Konferansın en çok ilgi gören bölümlerinden biri de “Sürdürülebilir Turizmde İyi Uygulama Örnekleri: Gelecek Turizmde” bölümü oldu. UNDP, Kültür ve Turizm Bakanlığı ile Anadolu Efes’in, 2007 yılında başlayan ve 12 yılda Türkiye’nin farklı coğrafyasından kadın erkek binlerce kişinin yaşamına dokunan Gelecek Turizmde Projesi’nden yararlanmış kurumların yetkilileri söz aldı bu bölümde.
Seferihisar’dan Hıdırlık Tarımsal Kalkınma Kooperatifi’ni temsil eden Neptün Soyer, Edremit’ten Nar Kadın Kooperatifi’ni temsil eden Nedret Gürdal ve Bursa’nın Misi Köyü’ndeki Nilüfer Misi Kadınları Kültür ve Dayanışma Derneğini temsil eden Arzu Kutucu Özenen heyecanlarını paylaştı konuklarla. Gelecek Turizmde Projesi’nden aldıkları destekle değişen yaşamları, kazandıkları başarıları, unutulmuş değerleri, kültürel mirasları nasıl yeniden yaşama döndürdüklerini, yerel ekonomideki canlanmayı anlattılar.

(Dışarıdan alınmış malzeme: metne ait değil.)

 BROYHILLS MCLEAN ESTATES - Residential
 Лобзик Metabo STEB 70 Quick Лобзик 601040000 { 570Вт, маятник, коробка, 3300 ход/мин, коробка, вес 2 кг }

Kadınlara pozitif ayrımcılık

Konferansın ardından UNDP Yerel Sosyo-Ekonomik Kalkınma Sektör Yöneticisi Bülent Açıkgöz ile söyleştik. Sürdürülebilir kalkınmanın en çok kadınların yaşamına dokunduğunu söyledi Açıkgöz. Kadına dönük pozitif ayrımcılık yapmaya çalıştıklarını, ister tarım, ister turizm, ister hizmet ya da imalat sektörü olsun, tüm sektörlerde kadın eksenli bir öncelikleri olduğunu belirtti. Yerel yönetimlerin sürdürülebilir turizmi desteklediğinde aslında geleceğe yatırım yaptığını, uzun vadede bu yatırımın bir fırsata döndüğüne dikkat çekti. Yerelde kalkınmanın istihdam boyutunun önemli olduğunu, başta kadınlar olmak üzere, dezavantajlı gurupların, gençlerin mutlaka desteklenmesi gerektiğini dile getirdi Açıkgöz. Gelecek Turizmde projesine Türkiye’nin doğu batı fark etmeksizin her yerinden artık çok nitelikli projeler çıktığı bilgisini de gururla paylaştı.